Para ello, un arma muy eficaz es el Santo Rosario, aquella oración tan sencilla y a la vez tan poderosa.
¿Por qué es precisamente el Santo Rosario el que tiene una fuerza tan grande contra los poderes del Mal? Por una parte, su fuerza viene de su estrecha relación con la Virgen María. A través de la constante repetición del saludo del ángel a la Virgen, se conmemora el inicio de la Redención, que tuvo lugar en Nazaret. Además, se honra de forma especial a la Madre de Dios, que acogió la Voluntad de Dios y pronunció su “sí” a favor de la humanidad entera. Al contemplar una y otra vez esta realidad, se actualiza el actuar salvífico de Dios. Al meditar los misterios de la salvación, celebramos una y otra vez la victoria de Dios sobre las fuerzas del Mal en diversas circunstancias, y con cada oración sincera se expande la luz divina.
En esta maravillosa oración encontramos todos los elementos importantes: la profesión de fe, la adoración de Dios, la oración del Padre nuestro, la meditación de los misterios de la salvación, la honra de María y la imploración de su intercesión…
Así, en esta oración, que ha de acrecentar nuestro amor a Dios y a la Virgen, se nos ha dado un arma poderosa contra las fuerzas malignas. ¡Debemos aprovecharla! Aunque no sea éste el fin primario de la oración, es un efecto suyo que no hay que despreciar, pues el Diablo debe ser debilitado para que la luz de Dios pueda alcanzar a las personas.
Los discípulos han de alegrarse por otro motivo: porque la gracia de Dios los ha encontrado y ellos le han correspondido. Dios mismo, en su infinita bondad, es la inagotable fuente de gozo, por lo que San Pablo nos exhorta a estar siempre alegres en el Señor (cf. Fil 4,4). Podemos regocijarnos porque la gloria de Cristo se nos ha manifestado, y podemos ver y oír lo que tantos profetas y reyes quisieron ver y oír.

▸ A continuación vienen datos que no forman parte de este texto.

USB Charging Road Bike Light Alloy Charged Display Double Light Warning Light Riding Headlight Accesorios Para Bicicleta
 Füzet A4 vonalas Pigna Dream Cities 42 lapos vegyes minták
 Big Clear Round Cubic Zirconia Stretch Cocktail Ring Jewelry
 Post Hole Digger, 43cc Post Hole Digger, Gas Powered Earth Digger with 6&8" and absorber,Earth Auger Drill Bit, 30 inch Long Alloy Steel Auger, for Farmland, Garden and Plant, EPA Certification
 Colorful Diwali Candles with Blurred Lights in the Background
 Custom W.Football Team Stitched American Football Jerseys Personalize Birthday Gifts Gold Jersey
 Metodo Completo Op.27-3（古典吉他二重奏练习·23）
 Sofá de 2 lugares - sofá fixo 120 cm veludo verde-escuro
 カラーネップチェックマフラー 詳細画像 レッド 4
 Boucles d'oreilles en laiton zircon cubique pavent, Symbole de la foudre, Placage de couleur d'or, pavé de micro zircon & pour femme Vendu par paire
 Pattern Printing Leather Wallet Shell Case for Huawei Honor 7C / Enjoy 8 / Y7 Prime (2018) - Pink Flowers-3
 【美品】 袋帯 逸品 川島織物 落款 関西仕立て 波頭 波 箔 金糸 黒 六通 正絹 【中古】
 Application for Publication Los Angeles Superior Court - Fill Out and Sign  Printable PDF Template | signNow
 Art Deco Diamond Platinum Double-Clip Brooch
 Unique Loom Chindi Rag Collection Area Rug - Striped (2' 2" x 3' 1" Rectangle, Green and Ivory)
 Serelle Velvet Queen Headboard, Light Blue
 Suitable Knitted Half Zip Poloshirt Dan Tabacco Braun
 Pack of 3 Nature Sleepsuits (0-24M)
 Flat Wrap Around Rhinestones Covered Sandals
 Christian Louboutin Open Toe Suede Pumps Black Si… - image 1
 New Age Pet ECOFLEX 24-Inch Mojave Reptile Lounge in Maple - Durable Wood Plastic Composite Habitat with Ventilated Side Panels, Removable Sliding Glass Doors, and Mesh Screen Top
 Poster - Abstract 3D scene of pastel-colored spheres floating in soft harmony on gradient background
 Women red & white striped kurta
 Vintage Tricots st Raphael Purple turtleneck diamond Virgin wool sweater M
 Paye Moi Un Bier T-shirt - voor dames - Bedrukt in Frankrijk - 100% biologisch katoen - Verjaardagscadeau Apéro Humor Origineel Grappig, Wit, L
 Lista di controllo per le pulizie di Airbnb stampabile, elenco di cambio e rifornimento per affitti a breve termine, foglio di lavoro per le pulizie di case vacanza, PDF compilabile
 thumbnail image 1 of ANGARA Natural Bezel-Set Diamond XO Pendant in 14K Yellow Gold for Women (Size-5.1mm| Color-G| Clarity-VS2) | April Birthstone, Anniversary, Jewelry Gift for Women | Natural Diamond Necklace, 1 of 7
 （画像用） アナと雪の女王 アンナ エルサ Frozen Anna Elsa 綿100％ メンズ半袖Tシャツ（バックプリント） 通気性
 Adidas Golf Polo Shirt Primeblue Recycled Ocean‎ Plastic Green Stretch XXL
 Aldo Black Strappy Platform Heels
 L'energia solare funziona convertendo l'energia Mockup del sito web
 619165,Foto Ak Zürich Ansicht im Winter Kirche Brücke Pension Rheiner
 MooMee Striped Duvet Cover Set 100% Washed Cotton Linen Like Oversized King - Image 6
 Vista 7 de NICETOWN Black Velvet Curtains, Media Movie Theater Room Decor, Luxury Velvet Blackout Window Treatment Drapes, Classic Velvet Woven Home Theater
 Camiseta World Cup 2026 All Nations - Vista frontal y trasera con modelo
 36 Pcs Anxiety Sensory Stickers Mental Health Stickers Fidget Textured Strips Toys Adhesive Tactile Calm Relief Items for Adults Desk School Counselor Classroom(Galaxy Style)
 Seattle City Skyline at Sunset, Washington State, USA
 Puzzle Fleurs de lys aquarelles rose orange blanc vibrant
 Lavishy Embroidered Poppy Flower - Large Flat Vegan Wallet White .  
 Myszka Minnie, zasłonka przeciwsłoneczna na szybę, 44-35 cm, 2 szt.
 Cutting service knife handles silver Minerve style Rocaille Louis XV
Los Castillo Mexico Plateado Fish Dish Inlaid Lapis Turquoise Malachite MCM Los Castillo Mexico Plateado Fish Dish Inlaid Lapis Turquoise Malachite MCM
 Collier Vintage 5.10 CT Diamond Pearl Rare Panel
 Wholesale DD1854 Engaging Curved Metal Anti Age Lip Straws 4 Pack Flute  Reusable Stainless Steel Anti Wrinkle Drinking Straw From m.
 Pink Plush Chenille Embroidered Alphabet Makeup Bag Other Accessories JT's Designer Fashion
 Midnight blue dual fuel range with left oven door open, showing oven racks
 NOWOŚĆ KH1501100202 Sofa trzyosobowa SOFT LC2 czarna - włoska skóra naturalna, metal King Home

Podemos alabar al Padre, junto a Jesús, por haber revelado todo esto a los sencillos. En el Reino de Dios no cuenta la grandeza del intelecto, ni las riquezas, ni el prestigio en el mundo; sino la sencillez del corazón, que acoge las verdades de Dios y las vive.
Muchas veces son precisamente las personas sencillas las que siguen la invitación de la Virgen a rezar el Rosario, pronunciada por Ella en varias apariciones. Si se forma un ejército de personas verdaderamente orantes, particularmente con el Santo Rosario, entonces el poder que Jesús confirió a sus discípulos se manifestará en el triunfo de las fuerzas enemigas.